EXERCISE DIRECTIONS
Every entry below is to be copied exactly, apart from any picture it holds.

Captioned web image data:
Start of Block

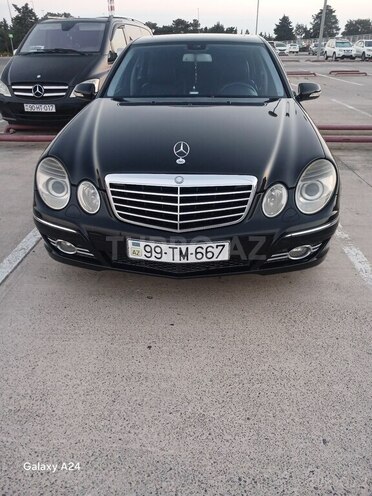 Mercedes E 220-1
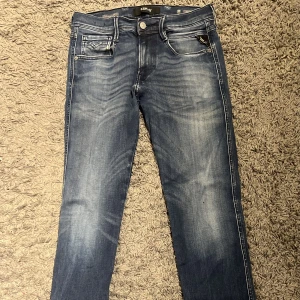Replay Jeans - Replay hyperflex anbass Använda fåtal gånger så fint skick Nypris: 1800kr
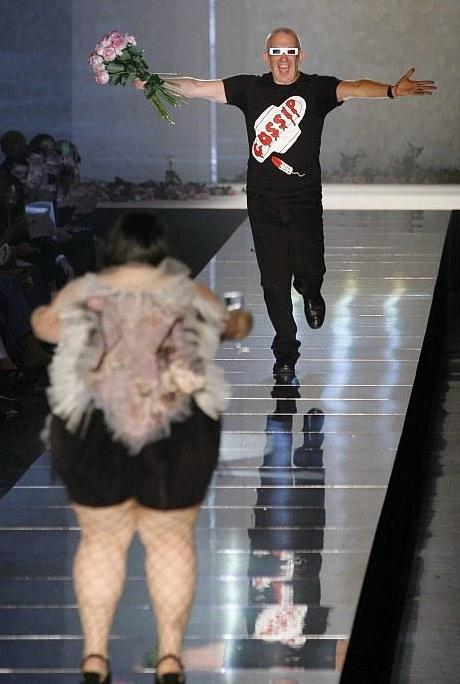 Жан Поль Готье вывел на подиум толстую рокершу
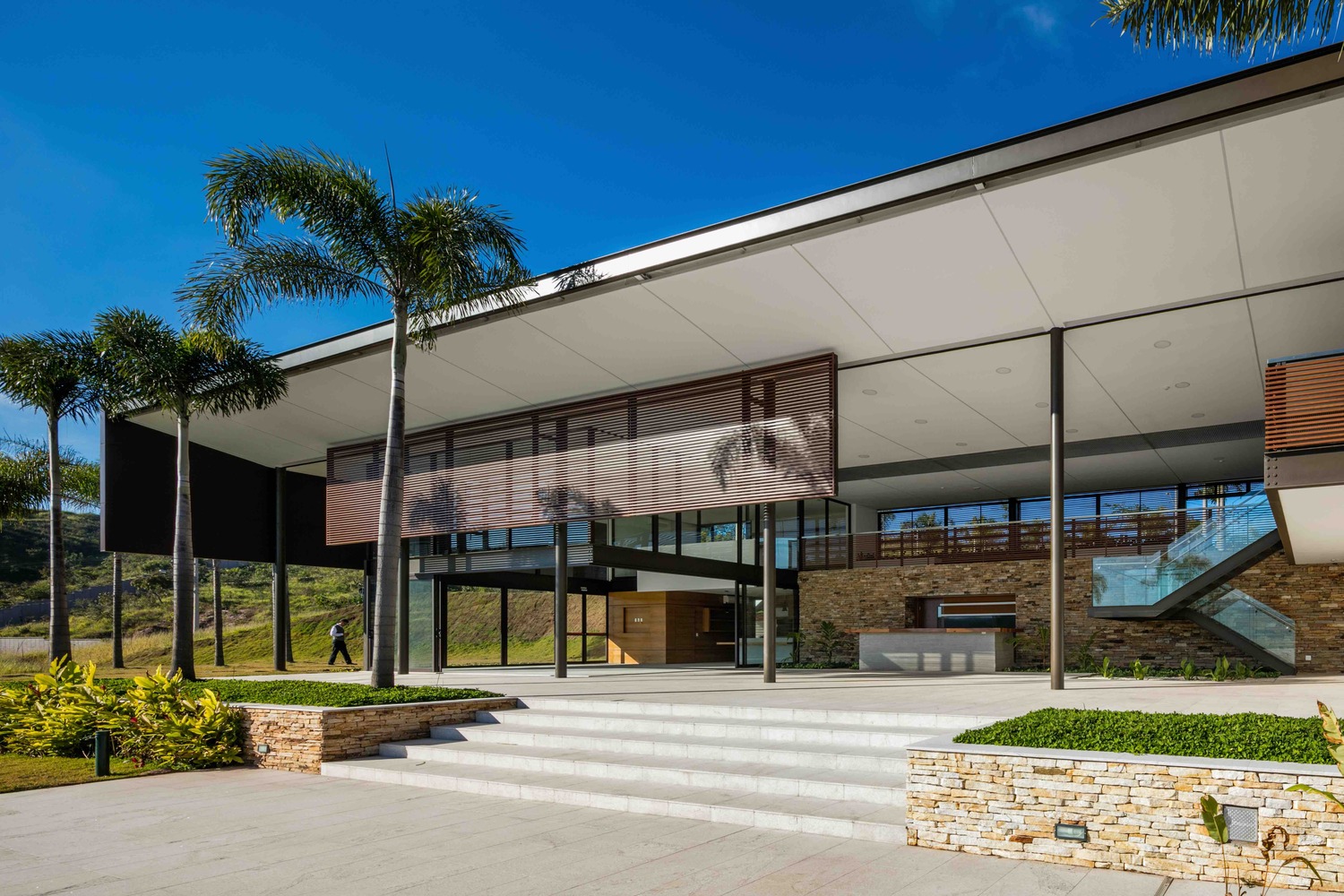 巴西自然景观中的社交俱乐部总部-74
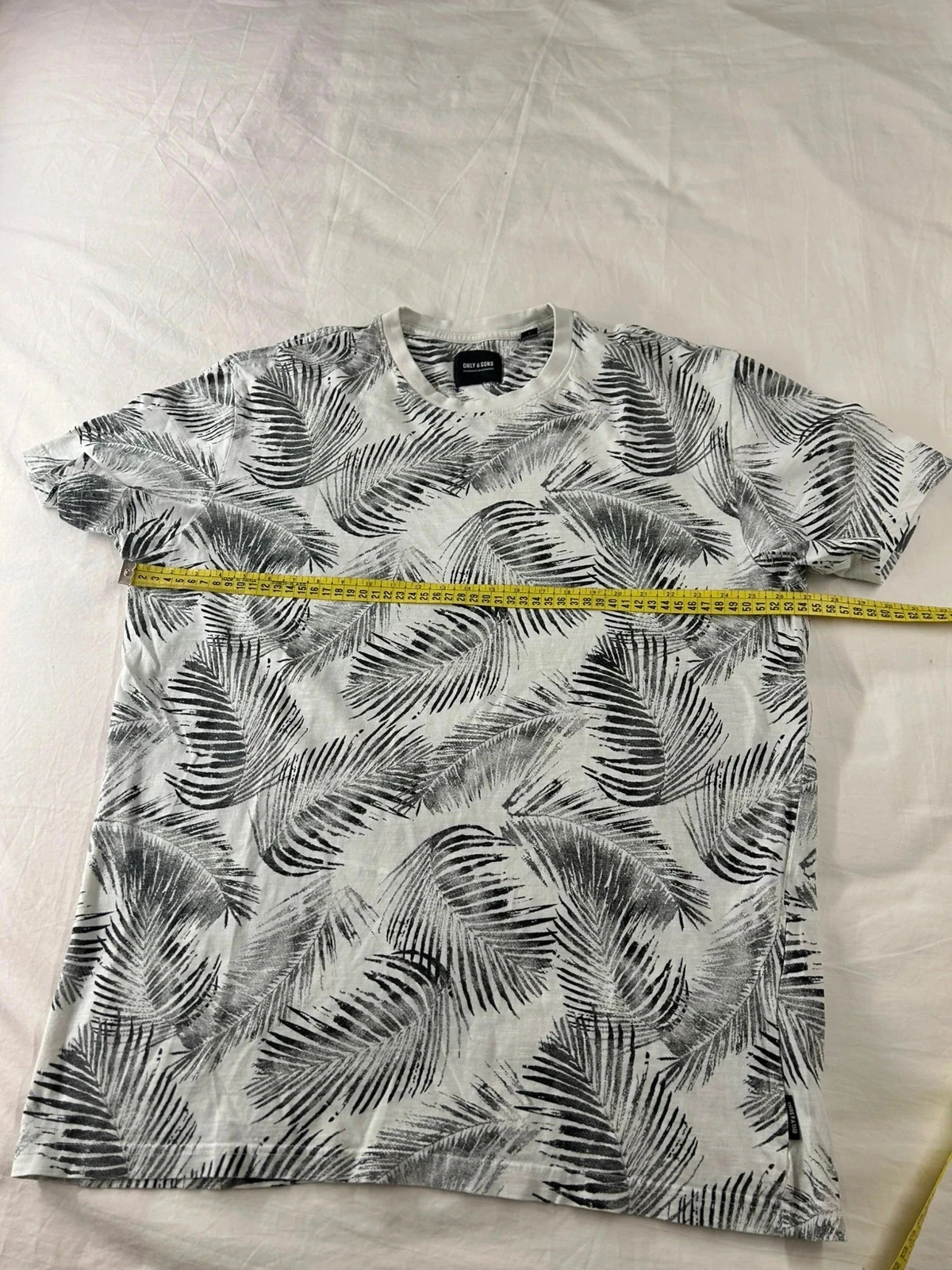 Camiseta blanca con estampado ONLY & SONS – photo 7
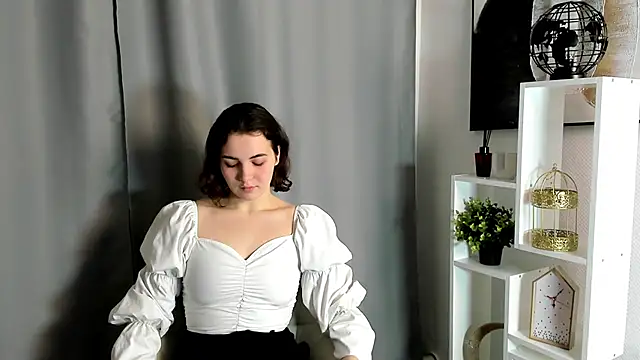 ShalaBethay online show from February 16, 6:28 pm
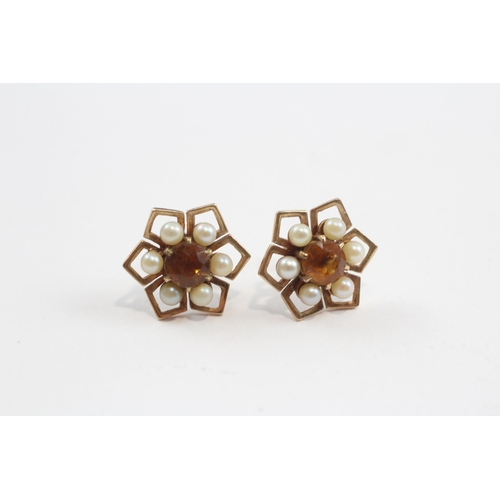 134 - 9ct Gold Citrine & Pearl Stylised Floral Cluster Earrings (3.9g)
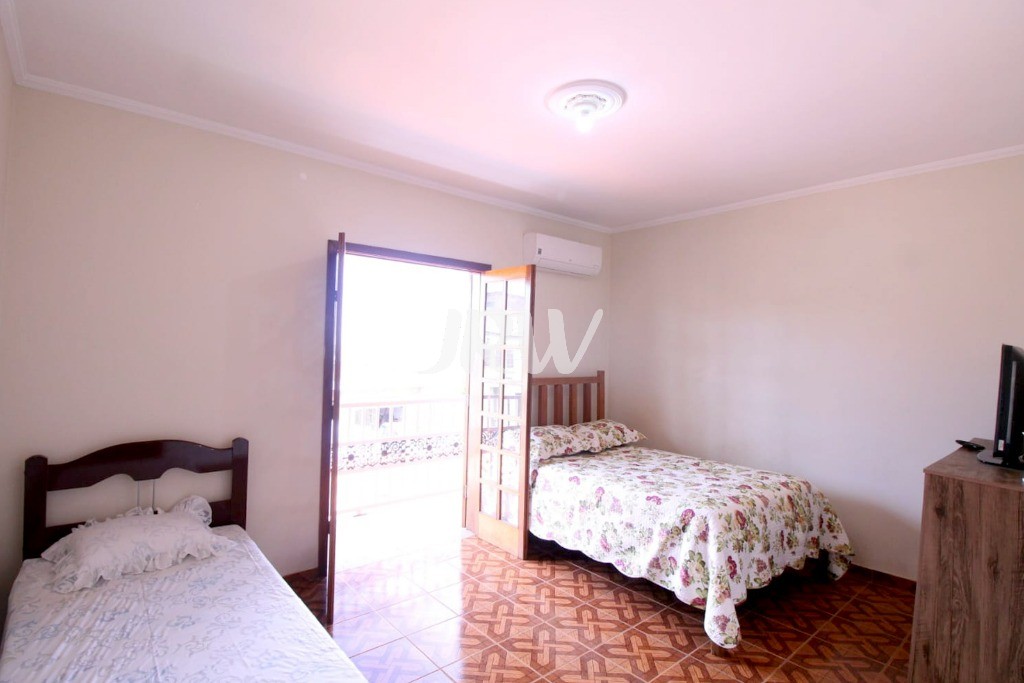Casa, 3 quartos, 250 m² - Foto 31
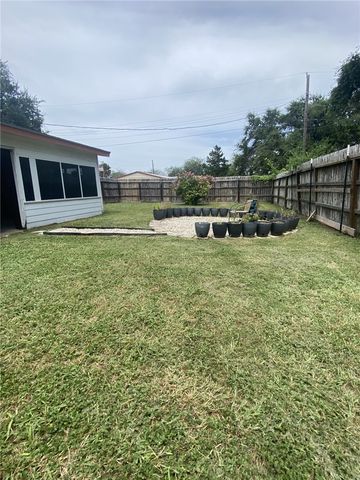 1601 Andrea St, Alice, TX 78332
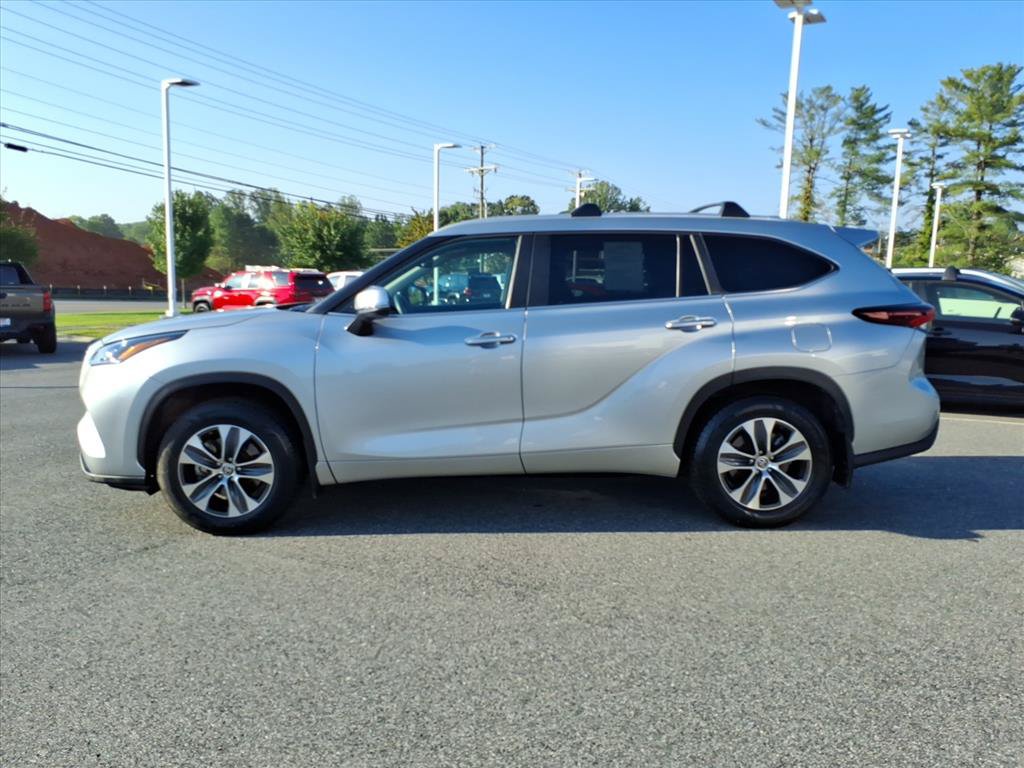 Used 2024 Toyota Highlander XLE AWD/4WD image 13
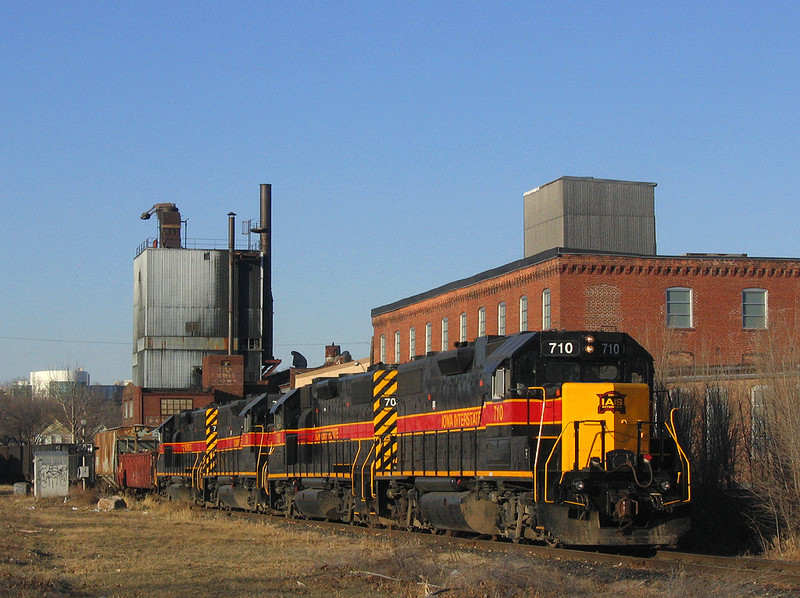 BICB-13 is getting towed east down the Golden State Route and Rockingham Rd in Davenport.  14-Feb-2006.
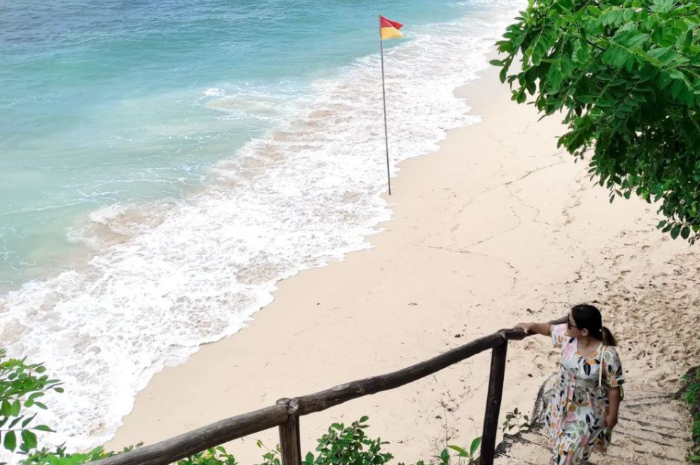 <p>Ket foto: Panorama cantik di wisata Pantai Gunung Payung Bali (Foto/Instagram/raizaraizandy)</p>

End of Block

ANSWER FOR THIS EXERCISE
 Mercedes E 220-1
Replay Jeans - Replay hyperflex anbass Använda fåtal gånger så fint skick Nypris: 1800kr
 Жан Поль Готье вывел на подиум толстую рокершу
 巴西自然景观中的社交俱乐部总部-74
 Camiseta blanca con estampado ONLY & SONS – photo 7
 ShalaBethay online show from February 16, 6:28 pm
 134 - 9ct Gold Citrine & Pearl Stylised Floral Cluster Earrings (3.9g)
Casa, 3 quartos, 250 m² - Foto 31
 1601 Andrea St, Alice, TX 78332
 Used 2024 Toyota Highlander XLE AWD/4WD image 13
 BICB-13 is getting towed east down the Golden State Route and Rockingham Rd in Davenport.  14-Feb-2006.
 <p>Ket foto: Panorama cantik di wisata Pantai Gunung Payung Bali (Foto/Instagram/raizaraizandy)</p>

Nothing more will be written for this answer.